Balaji Wafers Private Limited
- Trade name: Balaji Wafers
- Type: Private limited
- Industry: Food products
- Founded: 1974; 52 years ago
- Founder: Chandubhai Virani; Kanubhai Virani; Bhikhubhai Virani;
- Headquarters: Rajkot, Gujarat, India
- Key people: Chandubhai Virani; Bhikhubhai Virani; Keyur Virani; Mihir Virani; Pranay Virani; Shyam Virani;
- Products: Potato chips; Namkeen;
- Revenue: ₹5,500 crore (US$580 million) (2023)
- Number of employees: 1,987
- Website: balajiwafers.com

= Balaji Wafers =

Indian snack food company

Balaji Wafers is a snack food manufacturer and distributor in India. Founded in 1974, it produces and distributes a variety of potato chips and other grain-based snack foods.

== History ==

The company is owned by Chandubhai Virani, who was born into a family of farmers in Jamnagar district Gujarat. At the age of 15, Chandubhai and his brothers Bhikhubhai and Meghjibhai migrated to Dhundhoraji, a small village in Kalavad Taluka, Jamnagar district of Gujarat. Their father, Popatbhai Virani, was a farmer who sold ancestral agricultural land and gave the brothers ₹20000 to venture into business.

The family chose the name because there was a Balaji temple just outside the cinema where they started their wafer business.

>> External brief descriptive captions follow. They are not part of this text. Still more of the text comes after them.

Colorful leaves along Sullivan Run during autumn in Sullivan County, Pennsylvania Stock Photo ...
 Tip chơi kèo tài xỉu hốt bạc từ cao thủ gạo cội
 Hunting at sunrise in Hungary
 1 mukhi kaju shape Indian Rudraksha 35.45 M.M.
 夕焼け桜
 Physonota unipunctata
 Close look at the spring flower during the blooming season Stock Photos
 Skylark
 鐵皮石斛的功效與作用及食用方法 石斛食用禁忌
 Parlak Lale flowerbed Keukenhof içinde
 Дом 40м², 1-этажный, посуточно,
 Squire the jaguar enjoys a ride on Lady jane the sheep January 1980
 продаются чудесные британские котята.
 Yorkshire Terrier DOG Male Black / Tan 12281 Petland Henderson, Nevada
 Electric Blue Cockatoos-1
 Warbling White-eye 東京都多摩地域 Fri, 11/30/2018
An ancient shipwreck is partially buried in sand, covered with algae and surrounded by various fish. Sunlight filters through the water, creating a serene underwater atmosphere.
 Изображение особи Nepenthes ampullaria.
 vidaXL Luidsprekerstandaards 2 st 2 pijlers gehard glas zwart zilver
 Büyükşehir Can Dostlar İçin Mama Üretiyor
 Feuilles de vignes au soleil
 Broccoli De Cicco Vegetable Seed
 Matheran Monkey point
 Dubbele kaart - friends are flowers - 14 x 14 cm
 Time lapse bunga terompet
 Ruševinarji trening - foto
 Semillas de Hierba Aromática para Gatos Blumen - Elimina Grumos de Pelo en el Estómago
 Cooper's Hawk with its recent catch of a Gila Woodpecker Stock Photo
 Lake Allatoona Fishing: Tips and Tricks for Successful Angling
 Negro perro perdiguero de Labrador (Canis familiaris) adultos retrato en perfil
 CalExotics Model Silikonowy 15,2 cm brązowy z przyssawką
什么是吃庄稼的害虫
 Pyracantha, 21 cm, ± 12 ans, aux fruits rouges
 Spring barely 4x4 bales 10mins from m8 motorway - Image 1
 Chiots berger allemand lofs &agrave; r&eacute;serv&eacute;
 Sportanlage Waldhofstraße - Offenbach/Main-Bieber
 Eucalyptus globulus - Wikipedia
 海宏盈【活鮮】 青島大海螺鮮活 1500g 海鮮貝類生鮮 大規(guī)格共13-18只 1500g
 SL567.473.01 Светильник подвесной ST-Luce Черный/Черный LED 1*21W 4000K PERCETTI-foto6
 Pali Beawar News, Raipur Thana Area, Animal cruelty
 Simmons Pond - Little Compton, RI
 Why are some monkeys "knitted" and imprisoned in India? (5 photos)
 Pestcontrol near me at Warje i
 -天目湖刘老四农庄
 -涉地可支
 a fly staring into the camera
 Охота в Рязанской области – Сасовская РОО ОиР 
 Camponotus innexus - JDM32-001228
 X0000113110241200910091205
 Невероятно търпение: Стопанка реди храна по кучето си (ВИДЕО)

The Viranis invested in farm equipment but did not succeed and lost the money. The brothers then started a wafer business from a canteen at Astron Cinema in Rajkot, Gujarat, in 1974. Until 1989, the wafers were produced at the Viranis' house and distributed in and around Rajkot city.

In 1989, the brothers set up their potato wafer facility near Rajkot at Aji G.I.D.C. (Industrial Zone). Balaji Wafers Private Limited was established in 1992 with four facilities spread across the nation. Balaji Wafers then set up a fully automatic plant near Metoda G.I.D.C. which is in the area of the village Vajdi, outside Rajkot.

==Market shares==
Balaji's share of the local potato and vegetable chips market grew from 9.5% in 2008 to 13.7% in 2012, according to Euromonitor International. Balaji has a share of 71% in the western market. In Gujarat, it has a share of 90%. The Economic Times recognized Balaji Wafers as Sultan of Wafers.

The company posted sales of ₹5010 crore for fiscal year 2023.

Balaji Wafers is also a member of the Federation of Sweets & Namkeen Manufacturers (FSNM).